Le maglie dei regolamenti, insomma, sembrano un po’ larghe. E potrebbe non essere così difficile intrufolarvisi anche per chi, ingolosito dal beneficio fiscale, fino a oggi non si era mai segnato di varcare la soglia della finanza Sri.

«Ci auguriamo che tale beneficio – sottolinea infatti Simonetta Bono di Vigeo Italia, che comunque plaude anch’essa al legislatore perché l’esclusione dei fondi Sri dalla Tobin tax è coerente con la natura non speculativa di questi veicoli d’investimento – non generi una corsa alla finanza socialmente responsabile soltanto di facciata, ma che si accompagni ad un’offerta di prodotto con contenuti realmente ispirati a principi di sostenibilità e ad una presa di coscienza da parte del risparmiatore sulla qualità di questi investimenti finanziari».
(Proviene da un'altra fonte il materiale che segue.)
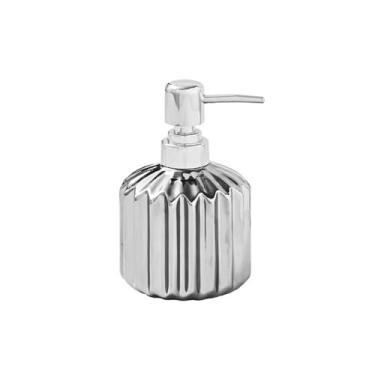 Imagem de Dispensador de sabão Dispensador de sabonete líquido cerâmica para banheiro, com bomba dosadora, ideal para loções, sabonetes líquidos e xampu(Silver)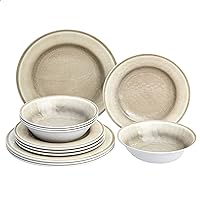 Amazon Basics 12-Piece Melamine Dinnerware Set - Service for 4, White Crackle Glaze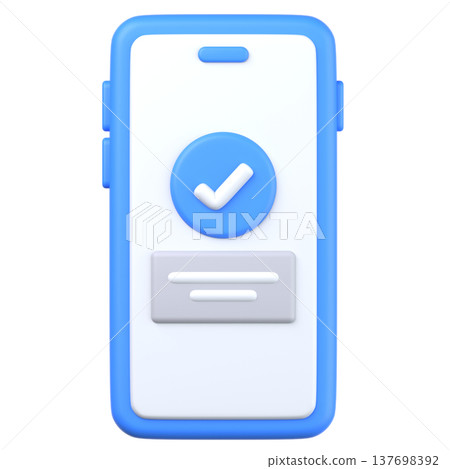 3D checkmark and smartphone icon 3D checkmark and smartphone icon 137698392
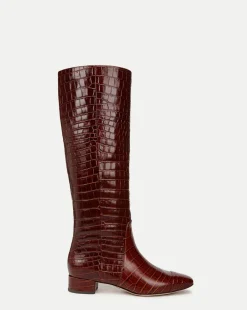 Veronica Beard Boots & Booties*Cecile Croc Knee High Boots in Brown Sepia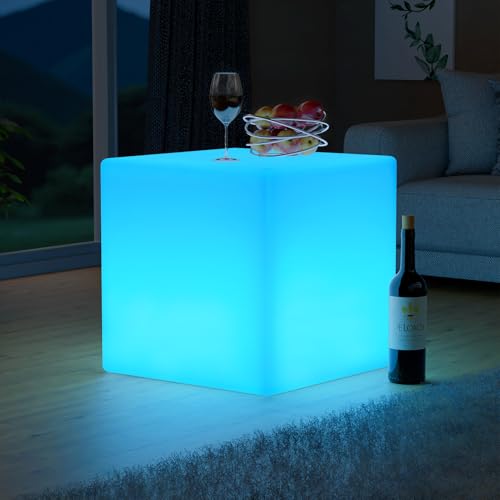 Image of FUYO 16 inch LED Light Cube with Remote Waterproof Light Up Cube Chair, 16 RGB Colors LED Table for Kids Night Light, Glow Cube for Indoor Outdoor Home Patio Party (White-16 inch)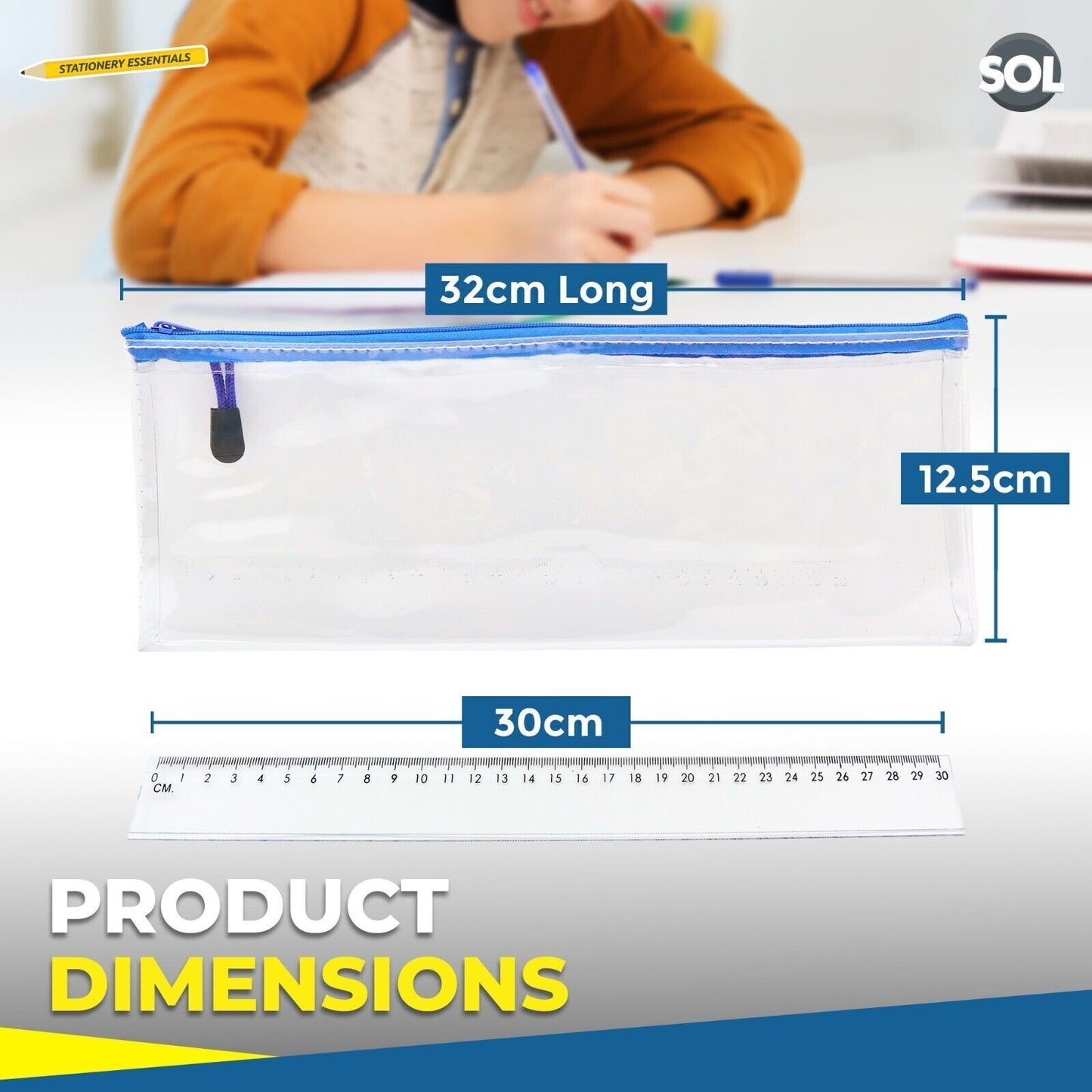 Clear Pencil Case 31cmx12cm Big Large Boys Girls Exam + Kids Plastic Ruler 30cm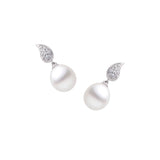 18 Karat White Gold Drop Earring with White South Sea Pearls and Diamonds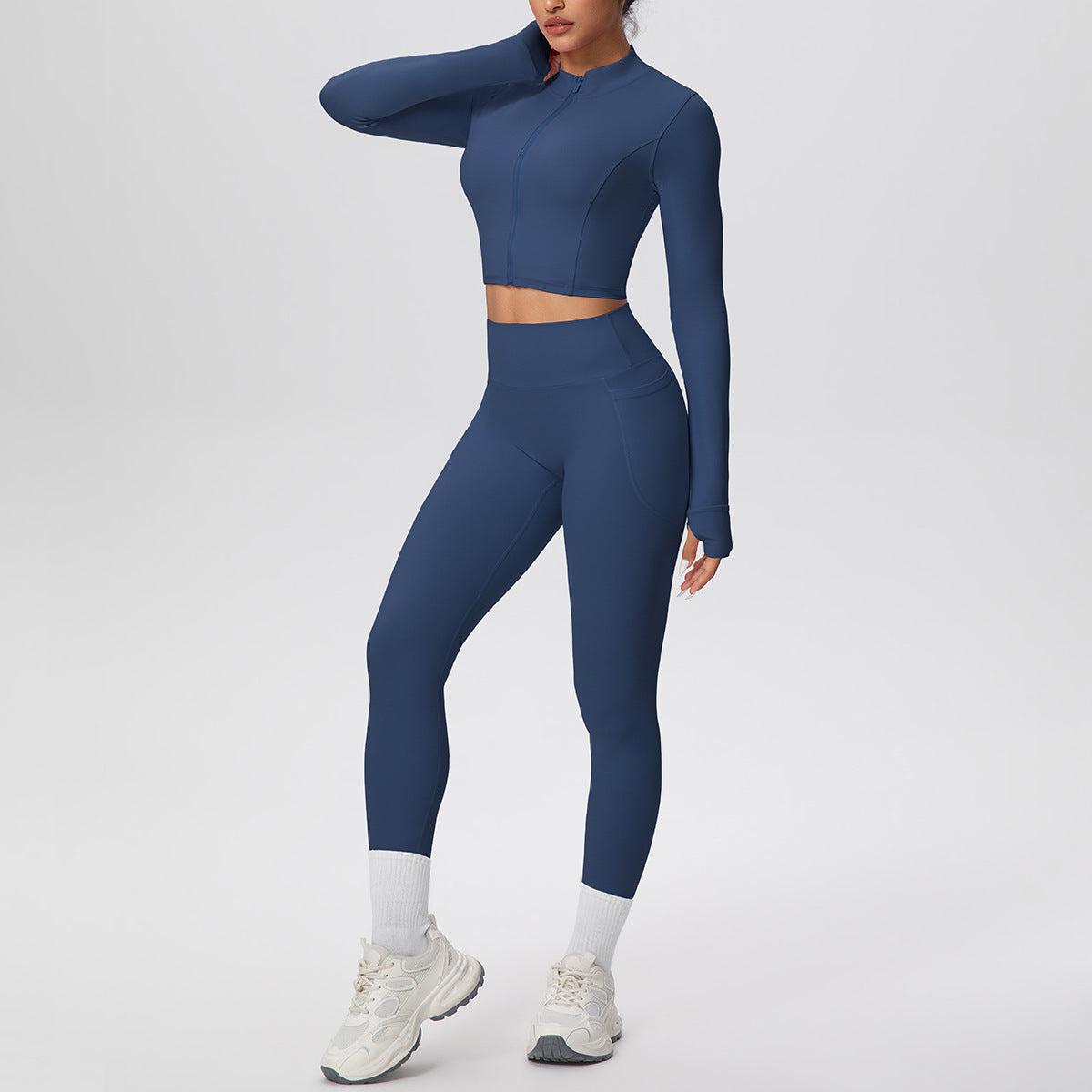 Tight High Waist Nude Feel Thumb Hole Zip Long Sleeve Coat Pocket Yoga Clothes Fitness Hip Lifting Yoga Set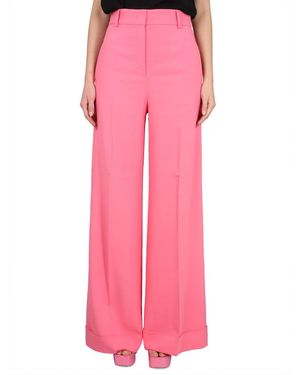 Moschino PANTALONE A VITA ALTA IN CRÊPE DI VISCOSA - Rosa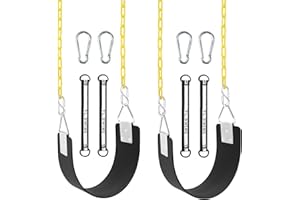GAMKII 2 Packs Swing Set Seat with Metal Triangle Ring & 66Inch Anti-Rust Chains, Tree Swing Accessories with Snap Hooks & Hanging Straps, Support 300lb, Outdoors Backyard Playground (Black X2)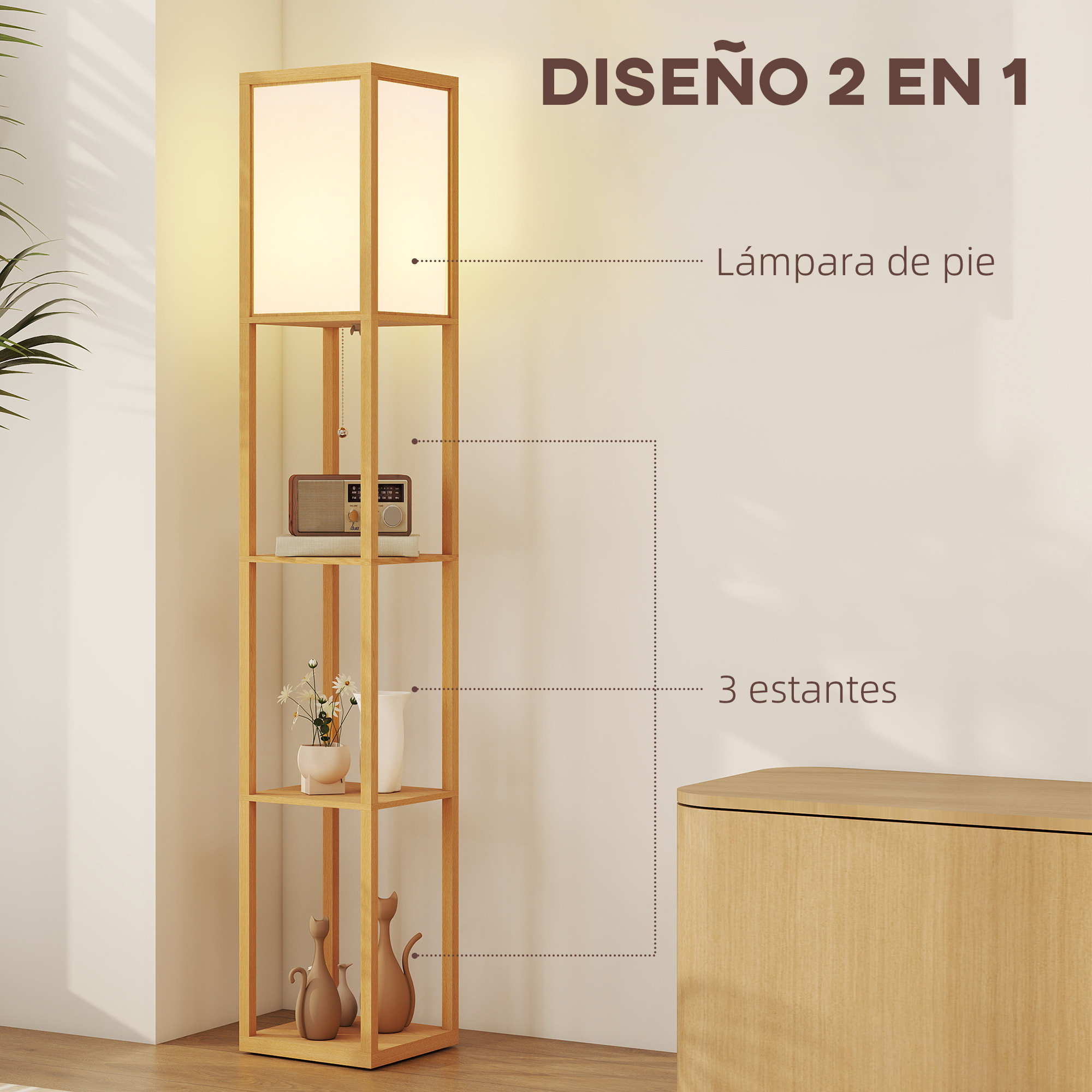 Lámpara de Pie con Estantes de Almacenaje, Lámpara de Madera Moderna, Bombilla E27, para Salón, Dormitorio, Oficina, Natural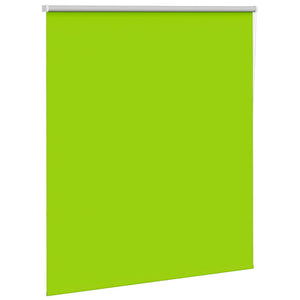 vidaXL Roller Blind Blackout Leaves Green 130x130 cm Fabric Width 126.6 cm Polyester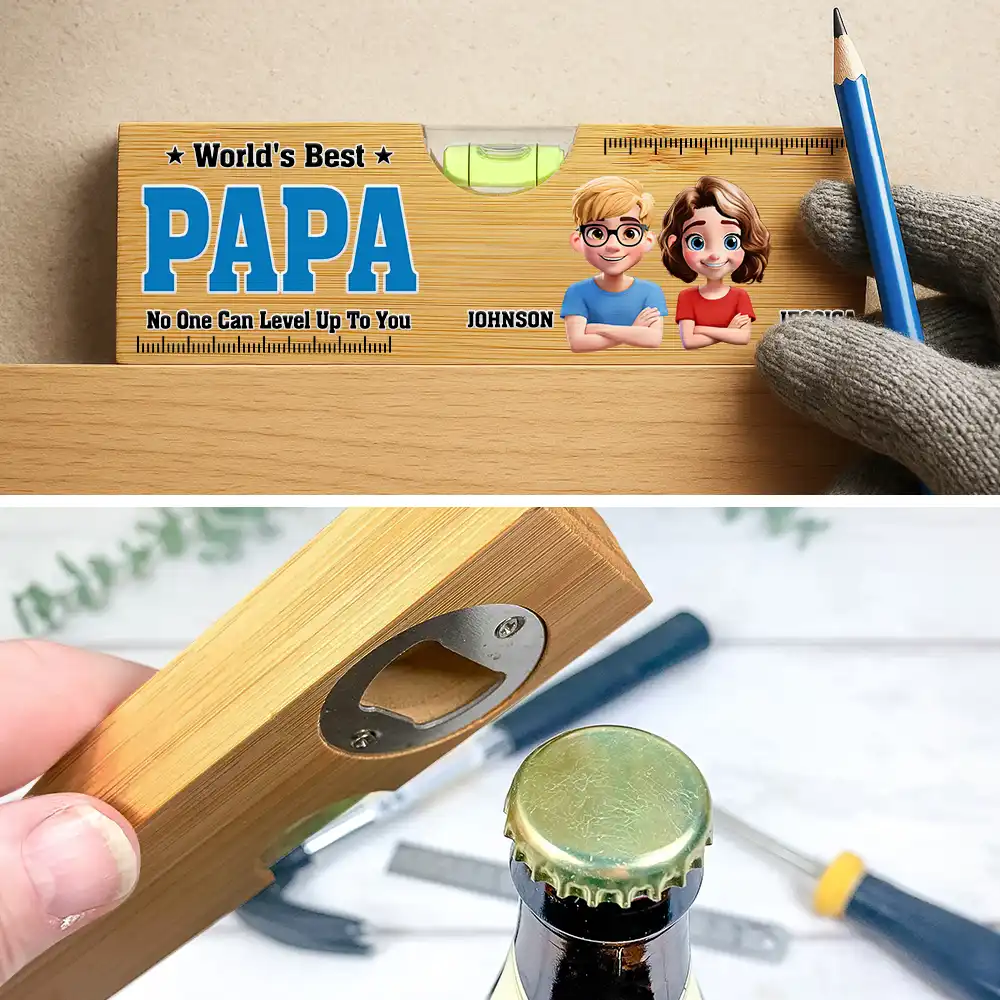 World Best Dad No One Level Up To You - Personalized Bottle Opener Wood Level - Image 5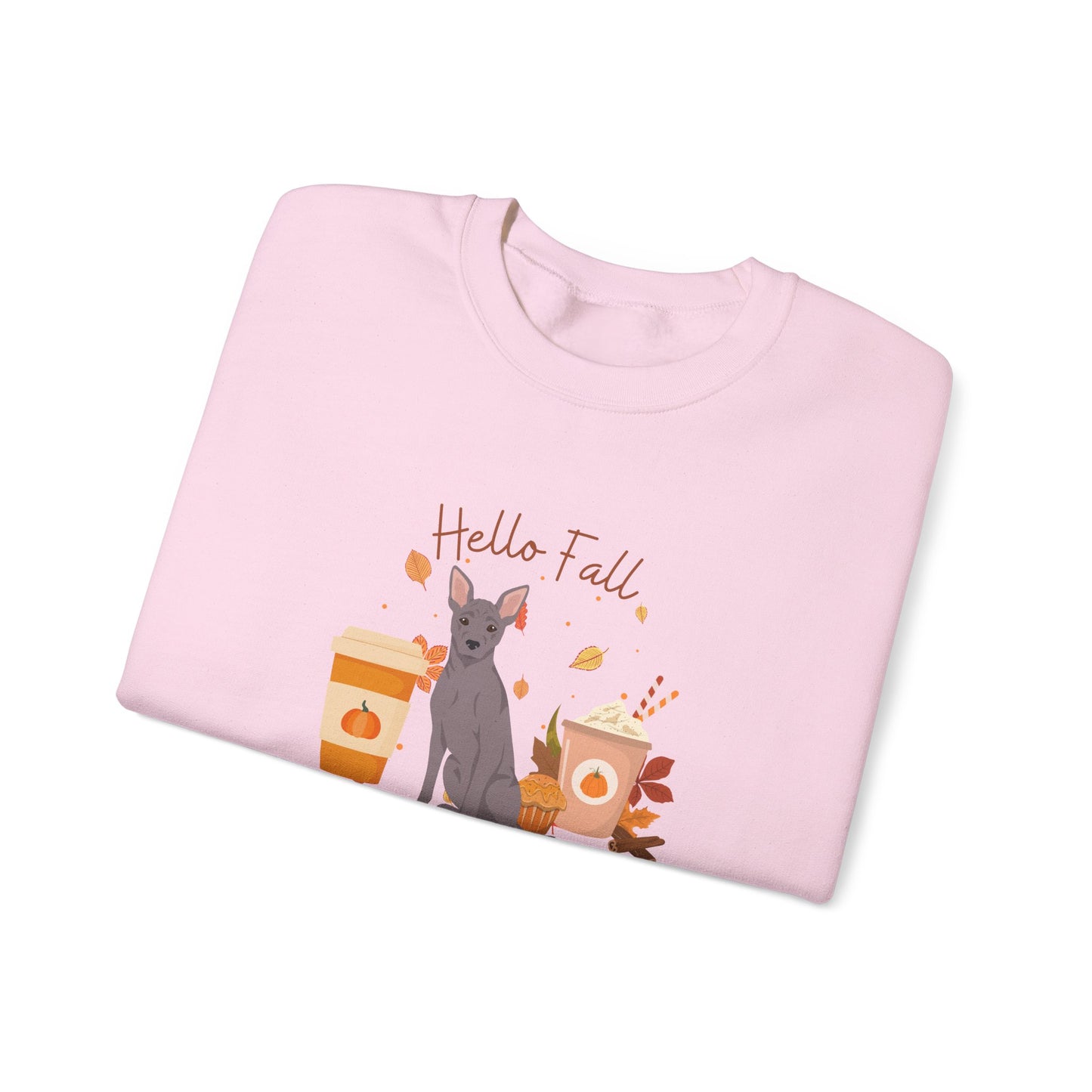 American Hairless Terrier Dog Fall Unisex Heavy Blend Crewneck Sweatshirt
C’è motivo, insomma, di nutrire qualche timore che il mercato Sri possa essere inquinato da prodotti che di etico hanno solo l’etichetta ma non la sostanza. Rischiando di confondere i risparmiatori e di gettare alle ortiche gli importanti sforzi di trasparenza fatti negli anni da molti operatori di questo mercato, che peraltro ancora stenta ad affermarsi in Italia.

Per prevenire questo rischio, qualcosa in effetti si sta muovendo. «Stiamo attivando un gruppo di lavoro – spiega Davide Dal Maso, segretario di Ffs-Forum per la finanza sostenibile – per approfondire la questione definitoria e studiare la possibilità di suggerire dei criteri minimi. Dal punto di vista di un regolatore pubblico, invece, ricordando comunque che in nessun Paese esiste uno standard che stabilisca quali debbano essere i requisiti di contenuto di un prodotto Sri, andrebbe meglio investigato quali strategie Sri siano più coerenti con gli obiettivi delle politiche pubbliche e quindi meritino un beneficio fiscale».

Chissà se qualcuno di coloro che si candidano alla guida del nostro Paese per il prossimo quinquennio ha messo in programma, o in agenda, qualcosa del genere.